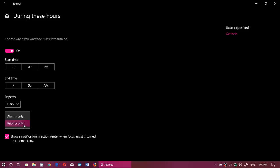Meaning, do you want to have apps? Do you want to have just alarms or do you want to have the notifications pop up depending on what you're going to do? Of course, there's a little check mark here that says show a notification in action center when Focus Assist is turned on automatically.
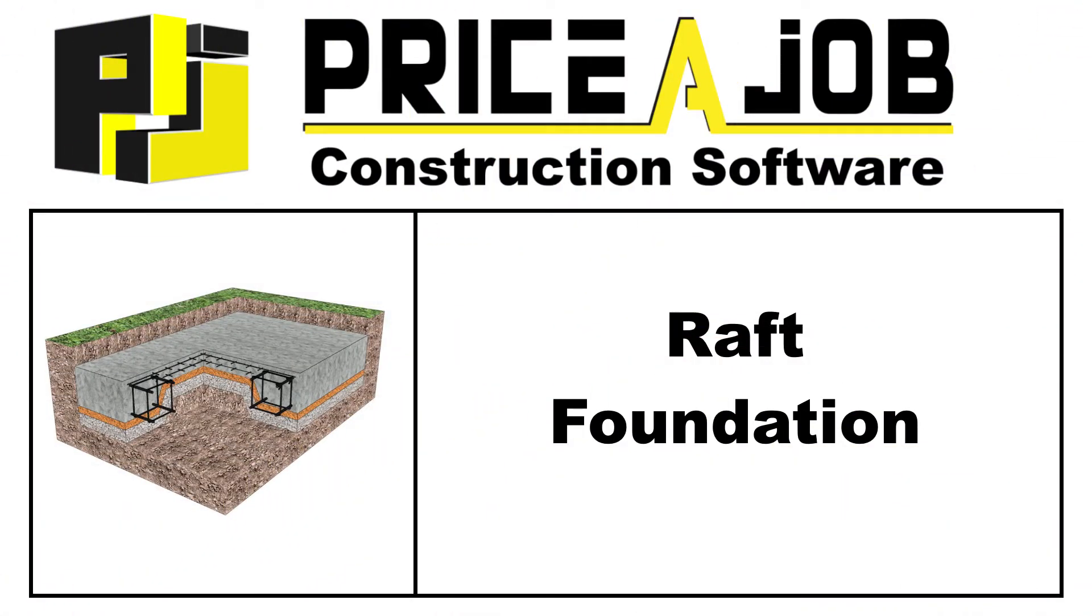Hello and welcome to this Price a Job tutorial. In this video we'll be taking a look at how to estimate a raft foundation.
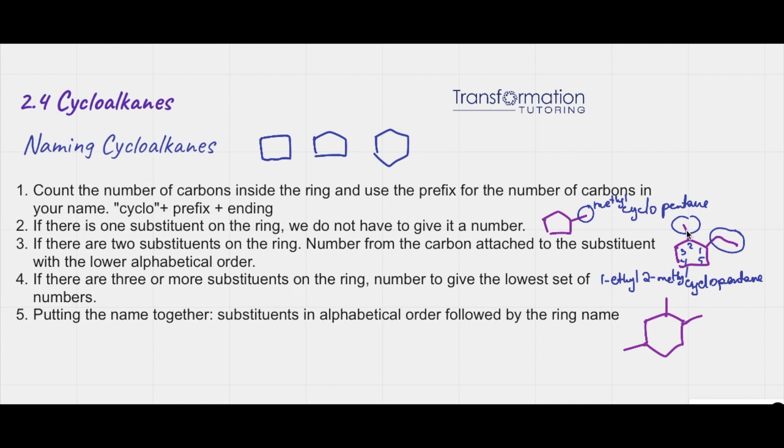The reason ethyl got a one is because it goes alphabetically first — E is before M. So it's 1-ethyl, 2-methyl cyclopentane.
------------------------------------------------------------
Exercise objective
Copy out every line of the material above precisely, omitting the pictures.

Answer box
Meaning, do you want to have apps? Do you want to have just alarms or do you want to have the notifications pop up depending on what you're going to do? Of course, there's a little check mark here that says show a notification in action center when Focus Assist is turned on automatically.
Hello and welcome to this Price a Job tutorial. In this video we'll be taking a look at how to estimate a raft foundation.
The reason ethyl got a one is because it goes alphabetically first — E is before M. So it's 1-ethyl, 2-methyl cyclopentane.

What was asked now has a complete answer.